Novell Documentation: Volera Excelerator XL 1.0 - Evaluating Your Access Control Policies

Evaluating Your Access Control Policies

The device's System Controller provides an option for evaluating the rules you have created against any request information you specify. For more information, see "Access Control Evaluate" in Volera VS 2.0 Management Interface Help.

The following points summarize how the system sorts and evaluates active rules.

All of the active rules in all active policies for the stage that applies to a request are sorted together.
In other words, when a new connection request is received, all of the rules in all of the new connection policies will be evaluated until either one of the rules is true or all of the rules have been evaluated.

The same statement applies to user requests---all user request policies and rules are considered.
Priority number is the first determiner in the sorting process.
All of the priority 1 rules will be evaluated before any of the priority 2 rules are evaluated, and so on.
Action is the second determiner---block first, allow second.
All rules of a given priority with a block action are executed before any rules with the same priority and an allow action.

In other words
- First, all of the priority 1 block rules are evaluated.
- Second, all of the priority 1 allow rules are evaluated
- Third, all of the priority 2 block rules are evaluated.
- Etc.
Policy order (the order in which policies were enabled) and rule order (the order in which rules are listed within a policy) are always maintained through each sorting operation.
The effect of this is that, if priority and action are equal for two or more rules, the rules will be executed in policy order and then rule order within the policy. This is further explained in A Final Word about Policy Order.

Showing and Changing the Enabled Order of Policies

You can quickly see the order in which access control policies were enabled as follows:

In the device's System Controller, click the Configuration tab > Access Control Evaluate.
The Enabled Policies field lists all enabled policies in policy-enabled-order.
At the CLI, enter
show policy

All enabled access control policies are displayed in the order in which they were enabled.
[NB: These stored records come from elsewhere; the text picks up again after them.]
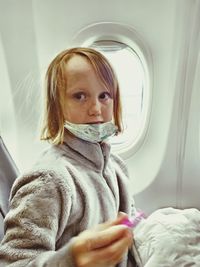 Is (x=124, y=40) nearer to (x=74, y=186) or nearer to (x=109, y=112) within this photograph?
(x=109, y=112)

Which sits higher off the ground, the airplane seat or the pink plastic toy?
the airplane seat

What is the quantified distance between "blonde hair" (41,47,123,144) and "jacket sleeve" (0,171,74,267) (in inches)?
5.2

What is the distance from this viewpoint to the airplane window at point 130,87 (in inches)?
55.0

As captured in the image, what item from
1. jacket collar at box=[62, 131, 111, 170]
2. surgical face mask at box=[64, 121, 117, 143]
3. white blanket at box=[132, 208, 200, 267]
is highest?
surgical face mask at box=[64, 121, 117, 143]

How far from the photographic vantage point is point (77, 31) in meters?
1.40

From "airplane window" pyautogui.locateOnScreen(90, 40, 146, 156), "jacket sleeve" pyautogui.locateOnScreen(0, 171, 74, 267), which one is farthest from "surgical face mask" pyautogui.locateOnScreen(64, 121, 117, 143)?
"airplane window" pyautogui.locateOnScreen(90, 40, 146, 156)

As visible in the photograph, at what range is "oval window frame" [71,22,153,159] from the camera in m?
1.40

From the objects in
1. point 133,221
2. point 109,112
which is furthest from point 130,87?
point 133,221

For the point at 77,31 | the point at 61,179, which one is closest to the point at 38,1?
the point at 77,31

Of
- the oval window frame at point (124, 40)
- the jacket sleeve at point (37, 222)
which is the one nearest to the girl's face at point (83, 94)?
the jacket sleeve at point (37, 222)

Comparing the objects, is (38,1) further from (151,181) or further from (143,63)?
(151,181)

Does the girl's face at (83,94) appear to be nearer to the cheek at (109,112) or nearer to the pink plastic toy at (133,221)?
the cheek at (109,112)

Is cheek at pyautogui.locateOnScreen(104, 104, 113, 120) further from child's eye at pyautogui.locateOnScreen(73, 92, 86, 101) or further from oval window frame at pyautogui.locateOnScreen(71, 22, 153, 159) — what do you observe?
oval window frame at pyautogui.locateOnScreen(71, 22, 153, 159)

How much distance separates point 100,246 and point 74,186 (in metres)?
0.16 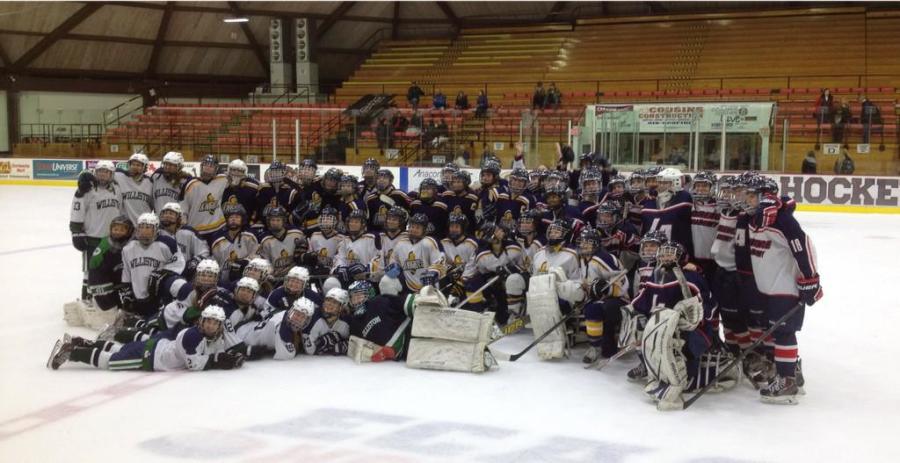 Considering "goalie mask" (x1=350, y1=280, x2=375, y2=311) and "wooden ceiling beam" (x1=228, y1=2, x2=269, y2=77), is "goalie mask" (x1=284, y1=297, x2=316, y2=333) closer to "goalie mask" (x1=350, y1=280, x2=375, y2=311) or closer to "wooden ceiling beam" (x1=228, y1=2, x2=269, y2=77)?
"goalie mask" (x1=350, y1=280, x2=375, y2=311)

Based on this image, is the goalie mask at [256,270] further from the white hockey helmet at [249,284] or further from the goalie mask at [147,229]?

You can change the enabled order of policies by disabling any policies you want to change and then re-enabling them in the order you want them sorted.

An Example of Rule Sorting and Evaluation Order

To further understand how rules are sorted for request evaluation, consider the example in Table 10

This shows the configuration for a cache device that has two access control policies, each of which contains four rules with various priorities and actions.
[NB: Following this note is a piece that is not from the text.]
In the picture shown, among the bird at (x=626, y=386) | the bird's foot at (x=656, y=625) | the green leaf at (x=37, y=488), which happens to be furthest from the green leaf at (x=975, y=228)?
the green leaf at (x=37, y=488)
Each row in the table represents a rule.
Each rule is assigned a reference number so you can track how the rule order changes as they are sorted for request evaluation.
To illustrate how policy enabled order affects rule sorting, the example shown in Table 10 assumes that policy One (rows 1 through 4) was enabled after policy Two (rows 5 through 8).

Table 10. Rules Listed in Policy and Rule Number Order

Reference Number	Policy	Rule Number	Priority	Action
1.	Two	1	2	Allow
2.	Two	2	2	Block
3.	Two	3	3	Block
4.	Two	4	5	Allow
5.	One	1	2	Allow
6.	One	2	2	Allow
7.	One	3	5	Block
8.	One	4	1	Block

Priority Is First

First, the rules are sorted by priority order to yield the order shown in Table 11.
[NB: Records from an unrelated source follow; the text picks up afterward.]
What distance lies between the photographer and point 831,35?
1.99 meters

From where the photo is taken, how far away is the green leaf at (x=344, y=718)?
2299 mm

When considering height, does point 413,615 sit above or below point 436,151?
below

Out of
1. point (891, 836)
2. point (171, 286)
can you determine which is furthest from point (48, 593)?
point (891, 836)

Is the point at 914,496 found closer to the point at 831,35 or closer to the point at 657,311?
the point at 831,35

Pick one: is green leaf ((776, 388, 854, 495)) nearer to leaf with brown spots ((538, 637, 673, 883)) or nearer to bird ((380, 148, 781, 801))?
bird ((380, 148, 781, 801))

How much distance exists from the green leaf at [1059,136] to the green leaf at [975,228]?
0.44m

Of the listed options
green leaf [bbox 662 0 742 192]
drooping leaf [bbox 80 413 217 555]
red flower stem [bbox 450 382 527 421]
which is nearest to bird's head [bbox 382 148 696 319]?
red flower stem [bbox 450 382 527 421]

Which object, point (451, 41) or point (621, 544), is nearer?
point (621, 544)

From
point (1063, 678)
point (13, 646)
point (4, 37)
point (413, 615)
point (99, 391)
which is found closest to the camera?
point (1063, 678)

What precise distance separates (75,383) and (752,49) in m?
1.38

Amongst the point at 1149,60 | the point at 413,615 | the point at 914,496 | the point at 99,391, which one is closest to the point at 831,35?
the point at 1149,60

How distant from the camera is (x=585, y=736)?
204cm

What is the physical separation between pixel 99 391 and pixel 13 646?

Table 11. Rules Sorted by Priority

Reference Number	Policy	Rule Number	Priority	Action
8.	One	4	1	Block
1.	Two	1	2	Allow
2.	Two	2	2	Block
5.	One	1	2	Allow
6.	One	2	2	Allow
3.	Two	3	3	Block
4.	Two	4	5	Allow
7.	One	3	5	Block

Action Is Second

Next the rules are sorted by action: block rules first, allow rules second.

In Table 12, reference numbers 2 and 7 change position within their priorities. The result is the order in which the rules will be evaluated for requests coming into the cache device.

Table 12. Rules Sorted by Action within Priorities

Reference Number	Policy	Rule Number	Priority	Action
8.	One	4	1	Block
2.	Two	2	2	Block
1.	Two	1	2	Allow
5.	One	1	2	Allow
6.	One	2	2	Allow
3.	Two	3	3	Block
7.	One	3	5	Block
4.	Two	4	5	Allow

Policy-Enabled-Order and Rule-Number-Order Are Maintained

Note that in Table 12, Reference Numbers 1 and 5 have the same priority, the same assigned action, and both are the first rule within their respective policies. Reference number 1 is still listed first, however, because policy Two was enabled before policy One and the policy order has been maintained.

A Final Word about Policy Order

As explained earlier, the enabled order of policies affects the order in which rules with the same priority and action are evaluated.

However, this will rarely be significant since the evaluation order of rules with the same priority and action would never affect the outcome for a given request.

The only thing to consider is a fine-tuning issue. If you have a rule that determines access for the majority of requests, and that rule has the same priority and action as other rules that rarely determine access, you might want to have the policy that contains the rule enabled first and the often-used rule listed before seldom-used rules in the policy. This will ensure that the rule that applies most often is the one the system evaluates first. Other rules would only be evaluated when the first rule doesn't apply.